Physical examination revealed bibasal dry crackles, 98% oxygen saturation at rest and clubbing. Pulmonary function tests showed a moderate restrictive pattern: FEV1/FVC ratio 99%, FVC 72% (2.52L), TLC 66% (3.14L), RV 48% (0.64L), and moderate alteration of DLCO 55%. Six-minute walking test exhibited 6% of desaturation (final SpO2 92%) walking 415m without stopping, with a post-walking Borg dyspnea score of 4. Blood analysis showed negative autoimmunity, elevated PTH, decreased 1,25-dihydroxy vitamin D3 (calcitriol) levels, hypocalcemia and low fractional urinary calcium and phosphate excretion.

Chest radiograph and Thorax HRCT showed micronodular pattern (Fig. 1B and C). Microliths were identified in the bronchoalveolar lavage. Genetic study revealed pathogenic variant c.1328delT (p.Leu443Argfs*6) in the SLC34A2 gene.

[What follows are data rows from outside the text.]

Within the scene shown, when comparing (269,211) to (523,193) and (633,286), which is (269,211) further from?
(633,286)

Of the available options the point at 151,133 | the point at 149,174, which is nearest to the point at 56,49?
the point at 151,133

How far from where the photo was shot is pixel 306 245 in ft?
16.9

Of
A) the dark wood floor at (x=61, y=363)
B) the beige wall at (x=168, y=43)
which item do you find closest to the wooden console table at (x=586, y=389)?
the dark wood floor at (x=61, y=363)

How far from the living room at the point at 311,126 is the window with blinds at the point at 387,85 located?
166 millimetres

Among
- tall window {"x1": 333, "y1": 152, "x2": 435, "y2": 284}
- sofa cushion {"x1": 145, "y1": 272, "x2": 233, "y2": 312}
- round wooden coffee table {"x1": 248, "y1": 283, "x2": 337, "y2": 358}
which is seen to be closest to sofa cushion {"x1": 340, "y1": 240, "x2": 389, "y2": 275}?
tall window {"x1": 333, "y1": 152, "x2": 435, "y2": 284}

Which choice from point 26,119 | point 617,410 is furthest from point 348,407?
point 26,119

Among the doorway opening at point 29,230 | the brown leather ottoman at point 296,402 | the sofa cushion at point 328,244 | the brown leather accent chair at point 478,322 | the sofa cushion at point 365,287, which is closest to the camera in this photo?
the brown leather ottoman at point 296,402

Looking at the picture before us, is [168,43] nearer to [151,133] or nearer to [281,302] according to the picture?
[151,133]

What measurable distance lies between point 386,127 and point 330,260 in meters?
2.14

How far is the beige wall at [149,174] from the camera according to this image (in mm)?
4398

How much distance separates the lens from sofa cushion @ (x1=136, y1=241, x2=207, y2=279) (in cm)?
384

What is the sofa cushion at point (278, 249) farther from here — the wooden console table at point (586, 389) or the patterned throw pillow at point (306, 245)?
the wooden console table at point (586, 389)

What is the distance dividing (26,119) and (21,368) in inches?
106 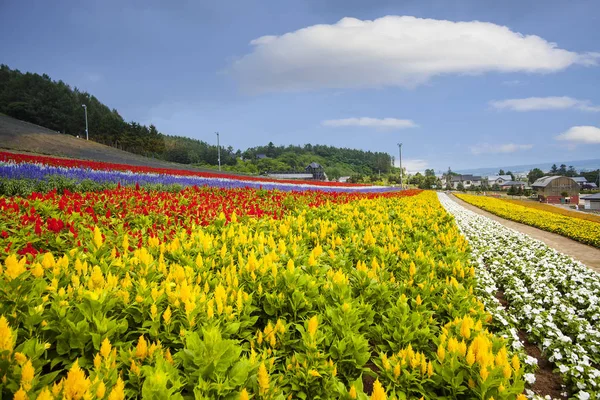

It is well known that PAM is an infrequent deadly genetic disease, diagnosed before age 50, slightly predominant in men worldwide, except in Spain, Italy and France.4 Although the frequency of the mutant gene in the general population is <0.008, familial frequency occurrence ranges between 32 and 61%, usually with horizontal transmission. Consanguinity was always present, when vertical transmission was reported.3

As well as Olauson et al., we also suggest a polygenic disorder. Explaining hypocalcemia, serum elevation of PTH and hypocalciuria, because of decreased calcitriol; while hypophosphaturia could be explained by mutation of fibroblast growth factor 23 (FGF23) gene.1 We hypothesized, that there is no evidence of hyperphosphatemia due to decreased absorption of phosphate in gut by the NaPi-IIb cotransporter dysfunction and renal homeostasis.5

Therefore, is PAM associated to calcium metabolism disorder a polygenic disease? The altered function of NaPi-IIb cotransporter associated with SLC34A2 gene mutation in patients with PAM could be related to impaired calcium-phosphate metabolism. More studies are necessary to better study this axis and find effective treatments related to SLC34A2 gene or others, which could reverse the deposit of microliths in the lung and improve phosphate metabolism too. Furthermore, facing a consanguinity family history, the genetic study can corroborate the presence of the mutated gene and discard other affected relatives, in addition to carriers of the disease.